Value Village has a backroom stash of cables, answering machines, automatic cassette clock radios and other artifacts from then and now. A few startle with the force of their temporal dislocation. You don’t expect to be able to touch a thing you’ve forgotten and then utterly remember.

I never had a Radio Shack Color Computer, but know people who did. Mostly they were treated as a strange but revered pet, given their own room and television. Thick books surrounded them so that the kids could figure out how to program a Moon mission or run the Federal Reserve, but they typically remained unopened and the CoCo was used to play games made of little characters with pixels the size of your thumb.

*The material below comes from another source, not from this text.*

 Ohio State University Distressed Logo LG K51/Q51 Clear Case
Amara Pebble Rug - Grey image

A few, though, were used by the secret wizard underground. Guys–always male, and always very thin or far too heavy–typed on the keyboard and spoke quickly in arcana that to them was plain English. They knew what all the little chips under that silver plastic did, which tiny tin limb reached down to the green circuit board and talked to what pin in another bug. When they typed they knew everything from the closing of the key’s switch to how the character was drawn and placed on the TV. And they knew how the TV made images too, of course.

1980 or so had these boys and men far, far on the sidelines, a subculture as incomprehensible as phone phreaking, Dungeons and Dragons, and “renaissance faires”. They looked strange and had strange thoughts, read weird books and could barely dress themselves. There was nowhere for them to go but inside the machine. All human social trapping was irrelevant inside the silicon, and they could speak the language.

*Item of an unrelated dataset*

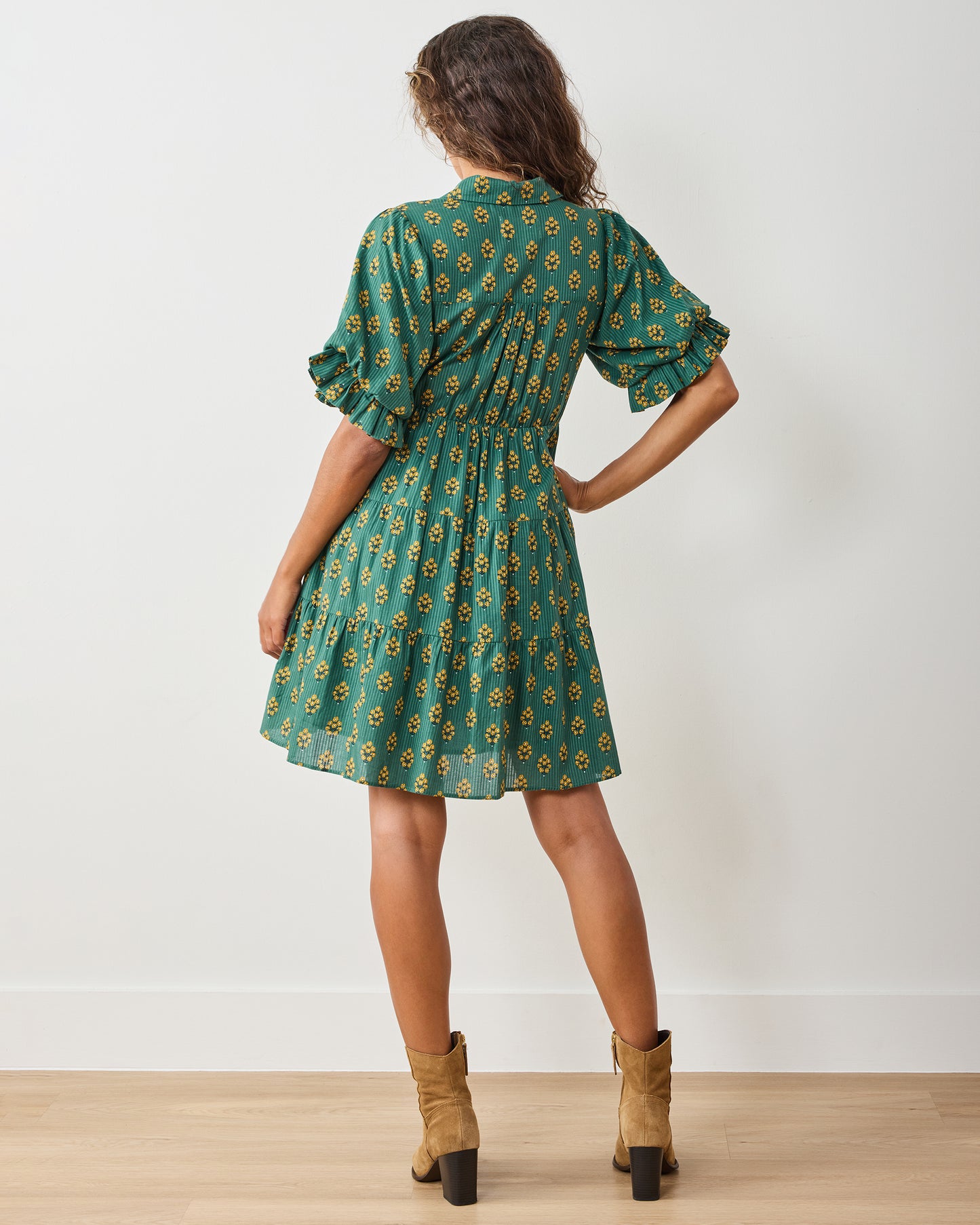 Texas Bouquet - Sienna Dress - Desert Moss - Printfresh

I never reached that point of knowledge and mastery, if that is the proper way to regard such things. Several things prevented it: a fascination with video and film that was easier to understand at the time, my belief I didn’t know math well enough and never would, the paradoxical adult reaction of revulsion and a desperate need for you kids to understand this stuff. My few BASIC programs didn’t do all that much, and the cassette storage of the time lost my work anyway. Like being a real scientist, it was something I could ever really do.

Finding this CoCo abandoned on a thrift store shelf struck me with that era’s dual sense of promise and foreboding. Nobody really understood what these things were for or what they could do, but they somehow controlled the nukes. Nobody understood those either, but there was an era beyond that old present where we all had jobs in air conditioning and smog and inflation weren’t problems. The computer was something better even if nobody understood what that was. Even the wizards didn’t: they just trusted that better thing was out there, coming.

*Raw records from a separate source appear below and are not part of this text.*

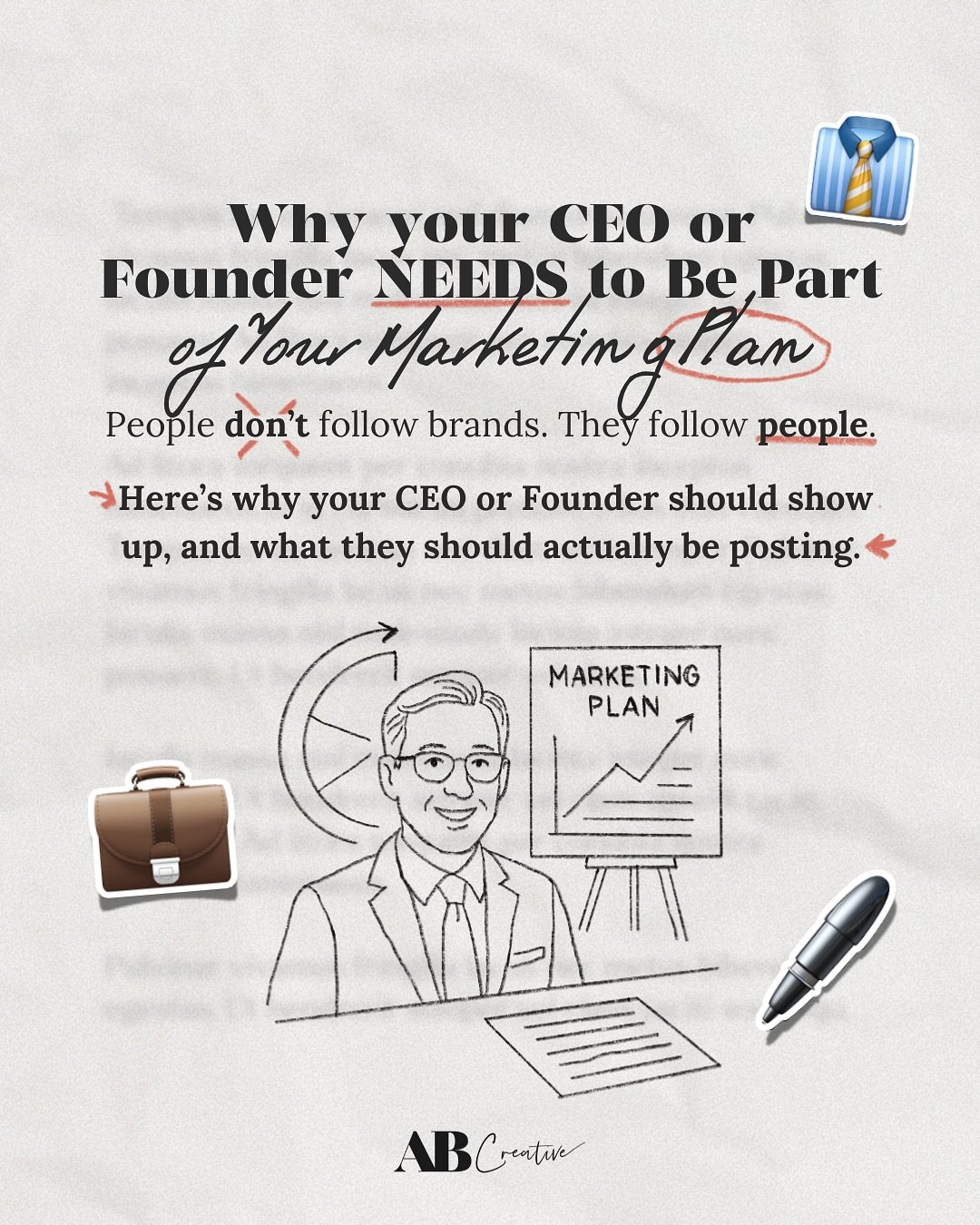 Your founder&rsquo;s face is more powerful than your brand&rsquo;s logo.
If they&rsquo;re not part of your marketing strategy, you&rsquo;re leaving trust (and reach) on the table.

People don&rsquo;t connect with &ldquo;brand voice&rdquo; or color pa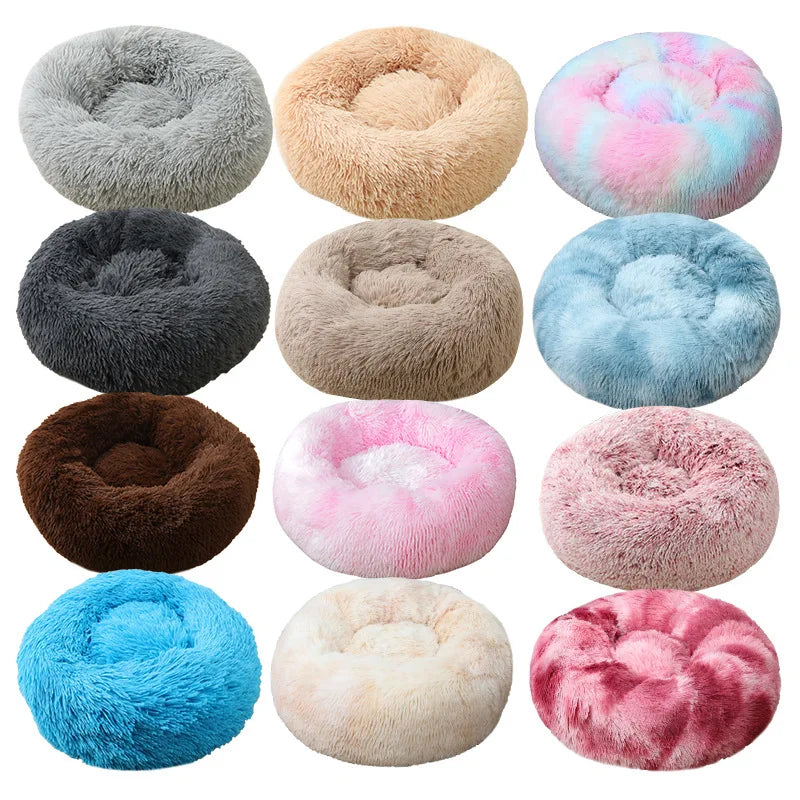 Cat Beds Washable Soft Pet Kennel Winter Thickened Warm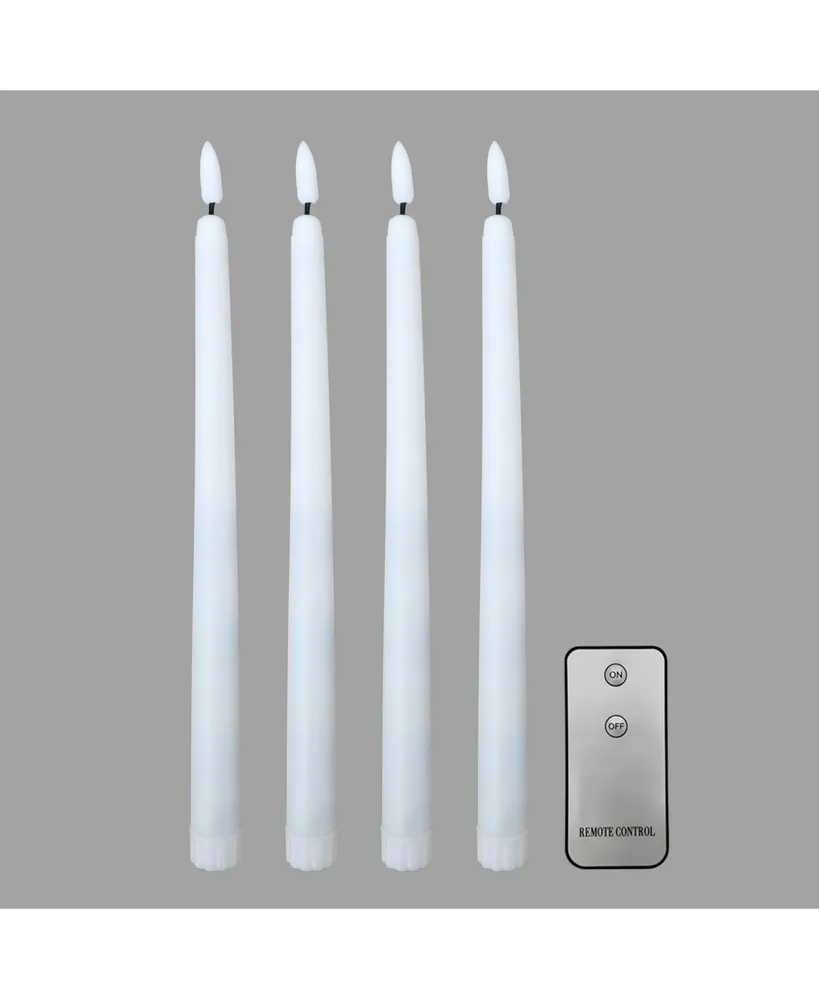 Jh Specialties Inc/lumabase Battery Operated Wick Flame Taper Candles with  Remote Control, Set of 4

Now computers are at discount stores and are as exotic as socks. For many people they are yet another thing you need pay someone else to fix. Computers have made a few people rich and given millions jobs. The CoCo and others like it did neither: companies that made it and computers like it are long gone, out of the business, or teetering. That rare handful of their long-ago adepts still live alone in messy apartments, reading strange books and dressing badly, though they look worse now, after the divorces. They move from job to job and have a hard time getting along, fitting in. They are still looking for something they can’t describe and is never quite right, but they know it will come if they can just get some serious hacking time in. Someday they will finish the decades-old work started in a back room one late night when Reagan was President and the future was still to come.